Efficient searching through stl map?

H

Henrik Goldman

I have a std::map which consist of time_t as first and an associated class
as second:

map<time_t, myclass>

I would like to do calculations (min and max values) for a set of 'second'
for a specific time range.

Given the fact that 'first' can hold any time I would like to do the
calculation based on values which falls within a range of e.g. yesterday
(all 24 hours). So I'd like to efficiently find the first value of time_t
which meets this requirement.

Until now I've scanned forward by an iterator but if you have alot of values
this linear search becomes quite slow. This has become a problem to me. The
problem boils down to that I don't know the exact 'first' value that I'm
looking for but know within what timerange it should fall.

Are there any stl algorithms which can let me define my own compare
algorithm so I can do this time range checking in order to find the first
valid element?

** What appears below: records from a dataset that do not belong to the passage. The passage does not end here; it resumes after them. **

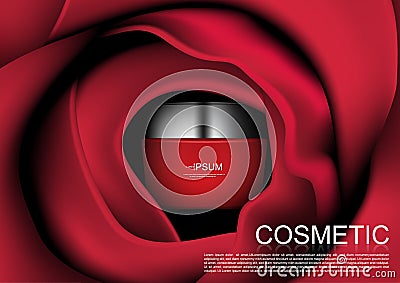 Cosmetic ads red cosmetic cream in red rose Vector Illustration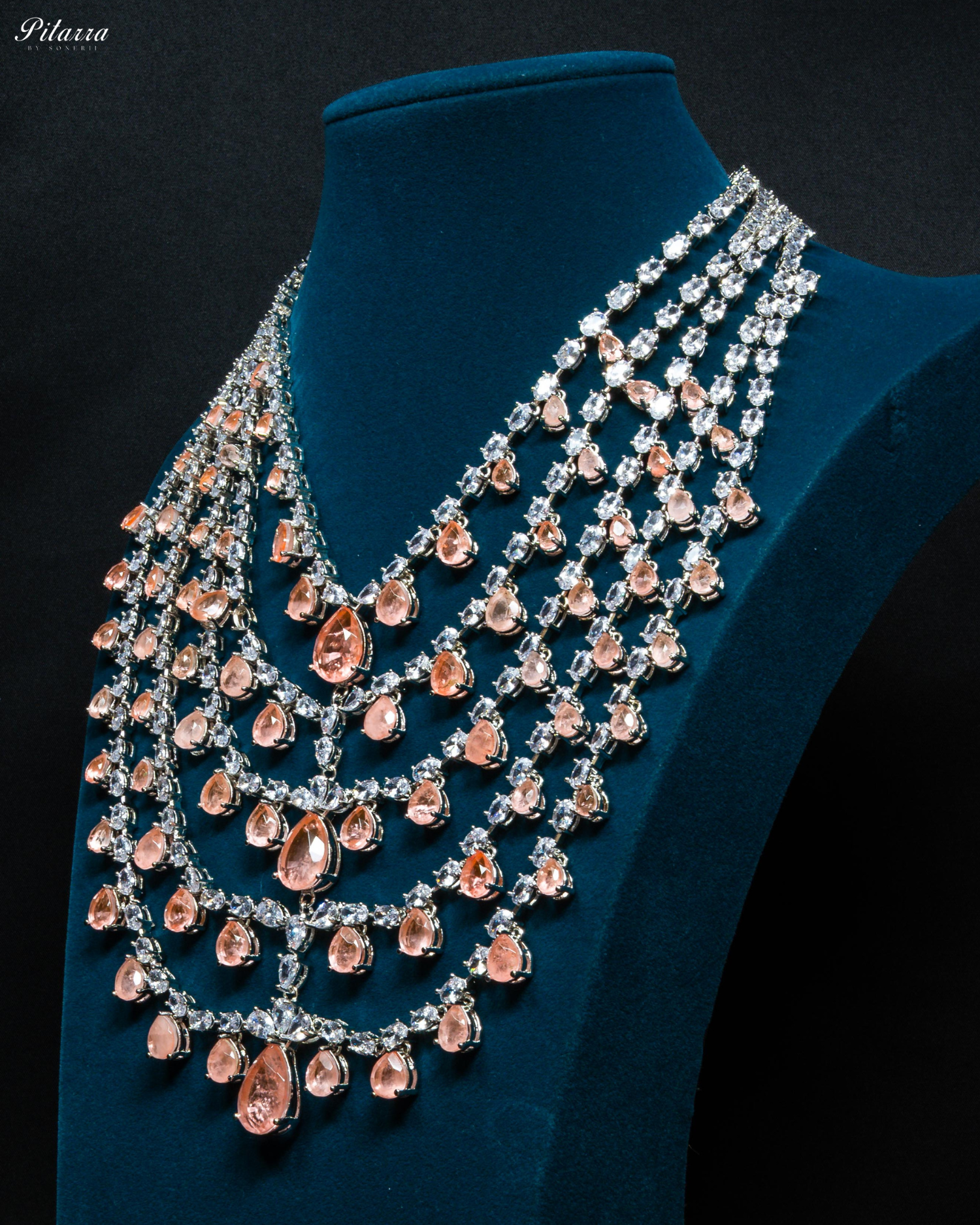 Five Layer CZ Stone Studded Crystal Necklace Set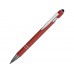 Ручка металлическая soft-touch шариковая со стилусом Sway, красный/серебристый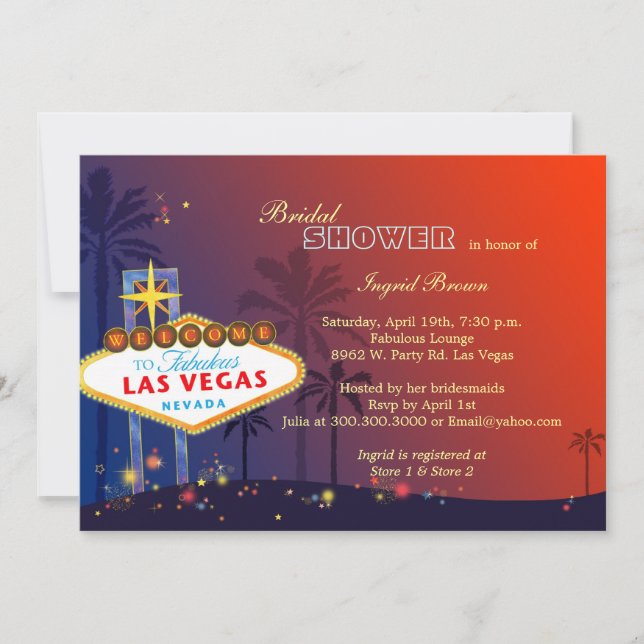 Fun Glamourous Las Vegas Bridal Shower Invitation (Front)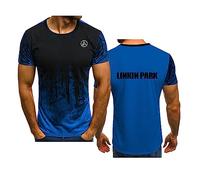 WIOSEN Erwachsene Sport T-Shirt für Linkin Park Casual Bequemes T-Shirt Kurzarm Sommer Laufen Lose Soft Tops T-Shirts Kleidung Unterhemd, Blue-S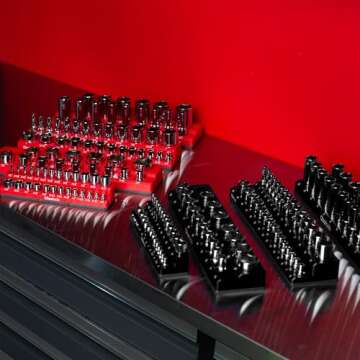 Olsa Tools Magnetic Socket Organizer for SAE Sockets | 16 Holders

Naturally since time_t is just an integer the algorithm
should be faster then linear search.

Thanks in advance.

-- Henrik
 
D

Daniel T.

"Henrik Goldman said:
I have a std::map which consist of time_t as first and an associated class
as second:

map<time_t, myclass>

I would like to do calculations (min and max values) for a set of 'second'
for a specific time range.

Given the fact that 'first' can hold any time I would like to do the
calculation based on values which falls within a range of e.g. yesterday
(all 24 hours). So I'd like to efficiently find the first value of time_t
which meets this requirement.

Until now I've scanned forward by an iterator but if you have alot of values
this linear search becomes quite slow. This has become a problem to me. The
problem boils down to that I don't know the exact 'first' value that I'm
looking for but know within what timerange it should fall.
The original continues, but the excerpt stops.